The next U.S. president and Congress will face a serious test: What to do, if anything, about the nation's retirement crisis?
Americans aren't saving nearly enough in their 401(k)s, while wide swaths of the workforce aren't saving at all, because they don't have access to a retirement plan. Social Security, meanwhile, faces a financial shortfall as the baby boomers enter retirement.
On the Democratic side of the aisle, the election breathed new life into an old idea that still seems outlandish to many in Washington: Why not help Americans save more for retirement by expanding the 80-year-old Social Security program?
It became a key plank in Vermont Senator Bernie Sanders's campaign for the White House. Hillary Clinton also proposed modestly expanding Social Security, while President Barack Obama said he supported the idea earlier this year.
Is expanding Social Security the right thing to do? Is it even possible?

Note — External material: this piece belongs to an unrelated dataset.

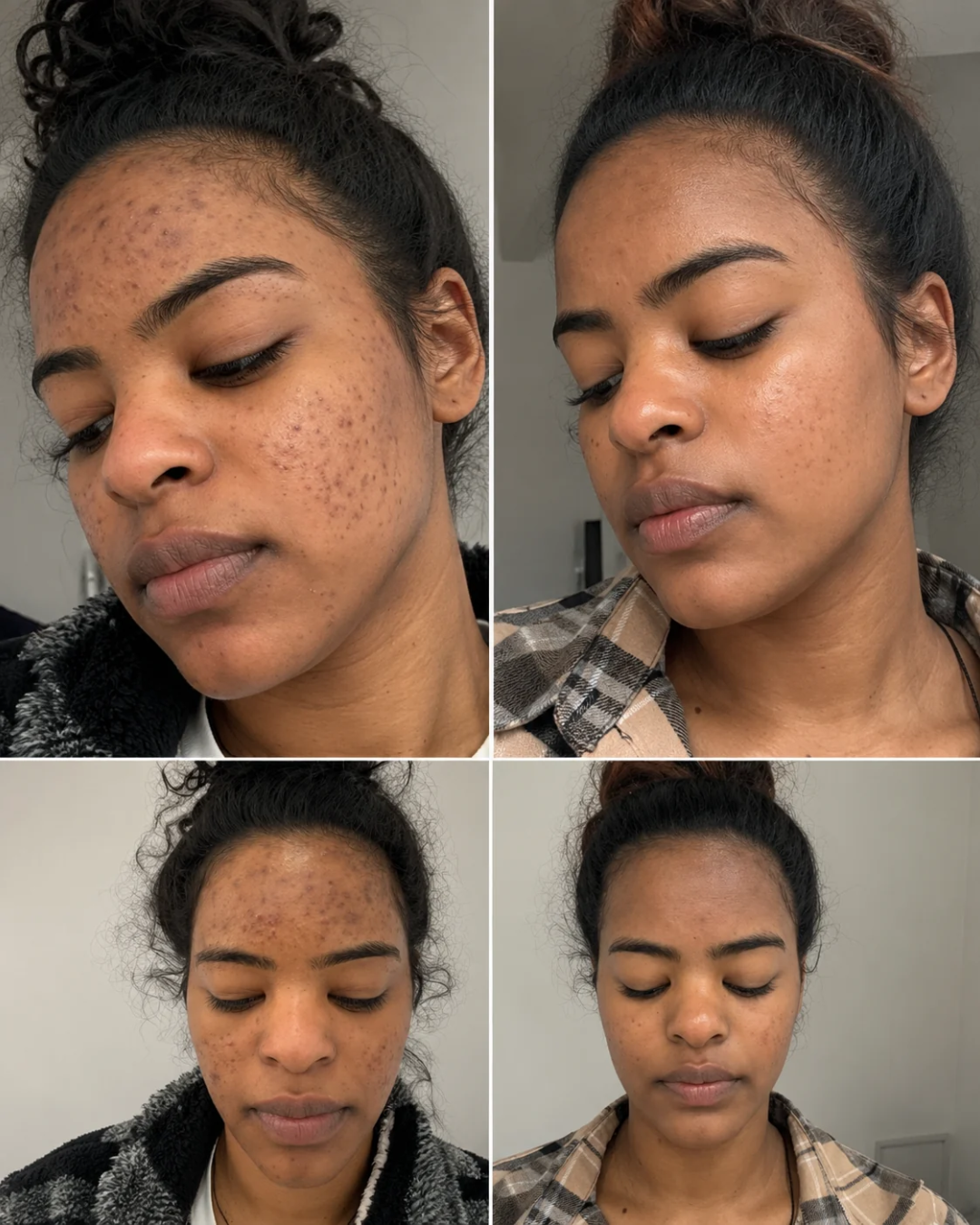 Scar & Blemish Cream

Yes and yes, Jesse Rothstein argues. A 42-year-old professor of public policy and economics at the University of California at Berkeley, Rothstein was chief economist at the U.S. Department of Labor earlier in the Obama administration. His essay, "Expand Social Security," was included among more than a dozen policy proposals for the next president released this week by the Washington Center for Equitable Growth, a think tank, with ties to the Clinton campaign, that focuses on economic inequality.
Here, in an interview edited for space and clarity, Rothstein makes his best argument for a provocative idea.
How dire is the retirement situation for Americans? Is "crisis" the right word?
The only problem with the word "crisis" is that it didn't happen overnight — it's a very slow-rolling crisis. An awfully large number of people hit retirement with nothing to live on except Social Security benefits, which were never meant to be big enough to support you exclusively. [Franklin Roosevelt] talked about the "three-legged stool," that Social Security would be basically one-third of the solution to the retirement puzzle.
Along with pensions and private savings.
Exactly. And we've never really gotten the other two legs of the stool strong enough, or widespread enough, to keep it level.
Many 401(k)s are nudging workers to save by automatically signing them up, but those efforts will never reach everyone, Rothstein says. (Photo: iStock)
A lot of ideas are out there to improve retirement. You've got states, including now California, requiring every worker to have access to a savings account. You have 401(k)s "nudging" workers into saving by automatically signing them up. You don't seem to think those ideas are really moving the needle. Why?
Well, some of these efforts have some impact. If you set up your "nudge" right, you can raise the share of people participating in their 401(k) plan by a few percentage points. But you don't raise it to 100 percent, and there are still an awful lot of people who don't participate. States trying to set up portable plans is a good idea, and we should be doing that. But ultimately what all these plans are relying on is voluntary contributions from people who aren't necessarily making enough money to be able to make those contributions.
Social Security offers two things that you can't really get through anything other than defined-benefit pensions, which are less and less common. One, a Social Security payment is an annuity: The money keeps coming as long as you live. That's really useful. If you're living on private retirement savings, even if you saved enough, you have to be very careful how you spend it down, because you don't know how long you need it to last.
The other thing that Social Security solves is market risk. We basically leave it to people to figure out how to invest their own retirement savings, sometimes with guidance from their employers, sometimes not. They're often taken advantage of by financial advisers who don't have their best interests in mind and by mutual fund companies that charge very high fees. But even if they invest perfectly, there's still a risk that, as they're getting closer to retirement, [a market event like] 2008 happens. They thought they had enough money for retirement, and then, all of a sudden, they don't.
So what are you proposing?
We should be expanding Social Security. We should be making it more generous. That will require more revenues, but this is not taking money away from people. It's just giving people a better way to save for retirement. Instead of having the Social Security payroll tax rate be 6.2 percent, we could make it 7.2 percent, and all of a sudden everybody's Social Security benefit gets 15 percent larger.
Second, the share of income not covered by the Social Security tax has gone way up as inequality has gone up. [Currently, workers pay Social Security taxes only on income below $118,500.] If we raise the cap and start taxing higher incomes, we can expand benefits by a lot without increasing the burden on middle-class workers. We can also use that money to help cover the financing shortfall we have under the current system.
Third, we should create ways for people to "top up" their Social Security benefit. If somebody wants to save more, then we should give them a way to contribute more and get a promise of higher benefits later. It would be much cheaper, in terms of administrative costs, than current private accounts, and it would offer benefits you can't get through private accounts.